Even if you've never heard of Tencent, you've likely played a game it has a hand in. The gaming giant is a major investor or owner in development studios including Activision Blizzard, Riot, Ubisoft, Dontnod, Epic Games, Roblox Corporation, and more. When we say it's big, big feels like an understatement - and the company has just implemented some controversial tech into its games in China.
Tencent has started using a form of facial recognition in China to identify and prevent children and teenagers from playing games at odd hours. According to Chinese state media outlet Sixth Tone, the enforcement of rules on gaming curfews and spending limits on young people, has been a struggle as kids and teens have been bypassing security measures. But Tencent is now using facial recognition technology to identify who is gaming between the hours of 10pm and 8am, to help impose these laws.
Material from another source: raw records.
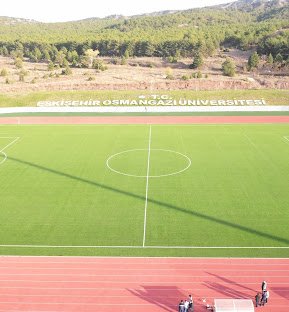 Sân vận động Osmangazi Üniversitesi Futbol Sahası – sân nhà của Anadolu Üniversitesi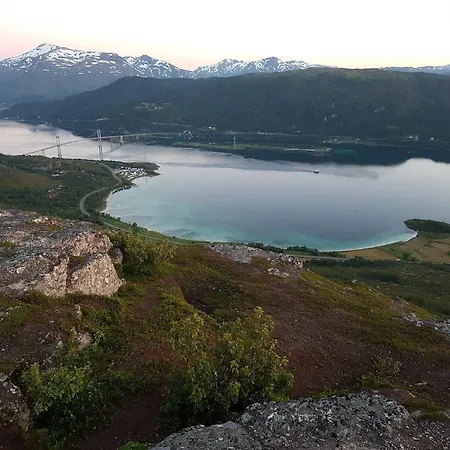 Tjeldsundbrua Camping Hotell 2*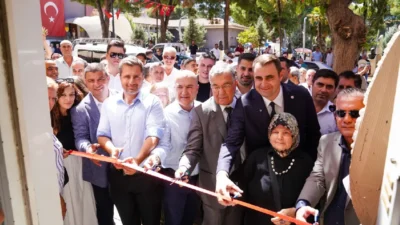 YENİ Parti Tire İlçe Başkanlığının açılışı, partililer ve vatandaşların katılımıyla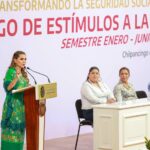Evelyn Salgado entrega estímulos a la permanencia a mil 600 servidores públicos del estado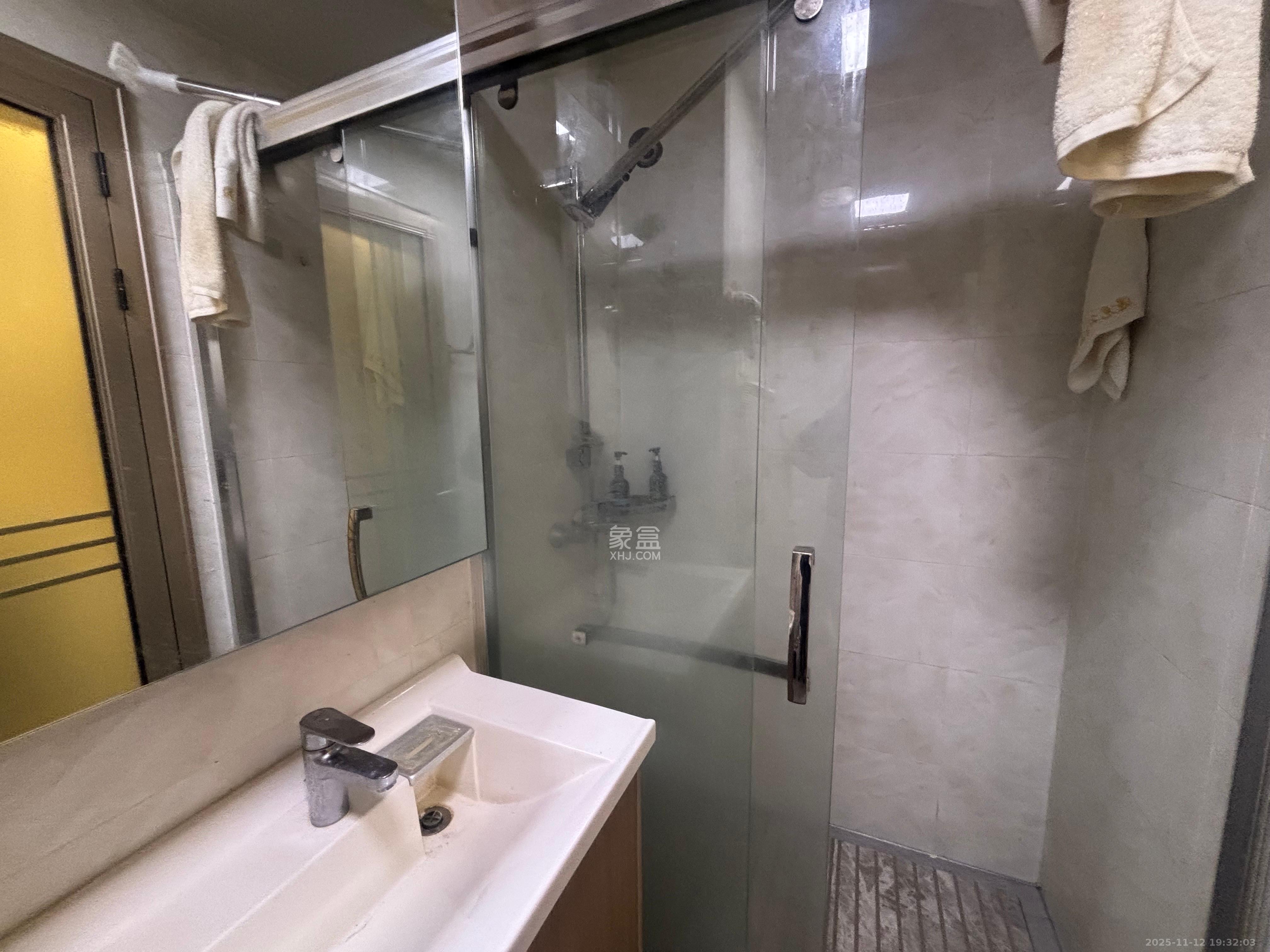 卓越浅水湾 1室0厅0卫 1500.0元/月 卓越浅水湾 1室0厅0卫 1500.0元/月室内图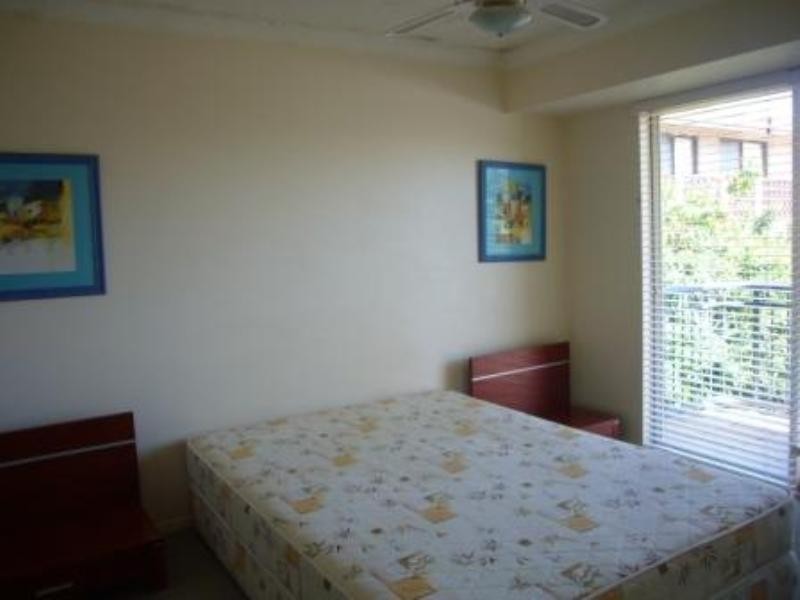 4/58 Petrel Avenue, Mermaid Beach QLD 4218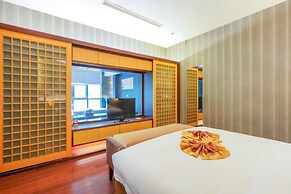 Phoenix Hotspring Resort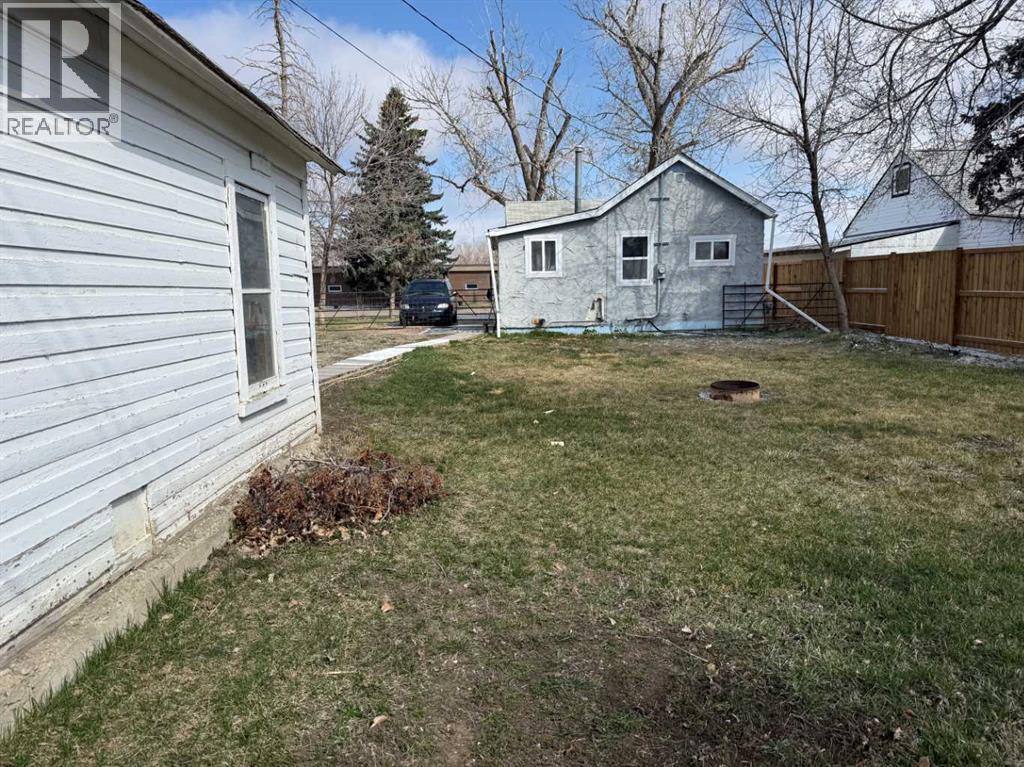 313 2 Avenue E, Bow Island, Alberta  T0K 0G0 - Photo 4 - A2302971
Tencent, when talking about this "Midnight Patrol" initiative, stated: "We will conduct a face screening for accounts registered with real names and that have played for a certain period of time at night. Anyone who refuses or fails the face verification will be treated as a minor, and as outlined in the anti-addiction supervision of Tencent's game health system, and kicked offline."
There will be over 60 games using this new technology in China from this week, but the original usage of this technology began all the way back in 2018, in Beijing and Shenzhen.
All of these implementations are in an effort to limit gaming addiction in China as well as lessen the concerns of experts who think gaming is causing a higher rate of short-sightedness in younger generations.
Of course, this sort of technology is bound to be controversial when implemented. It raises concerns about privacy - especially when you have to engage with the process, no matter if you're a minor or an adult, to gain access to games after 10pm. We'll have to see how China adapts to these new rules on the 60 games Tencent has introduced the tech to, and see if other companies eventually follow its lead.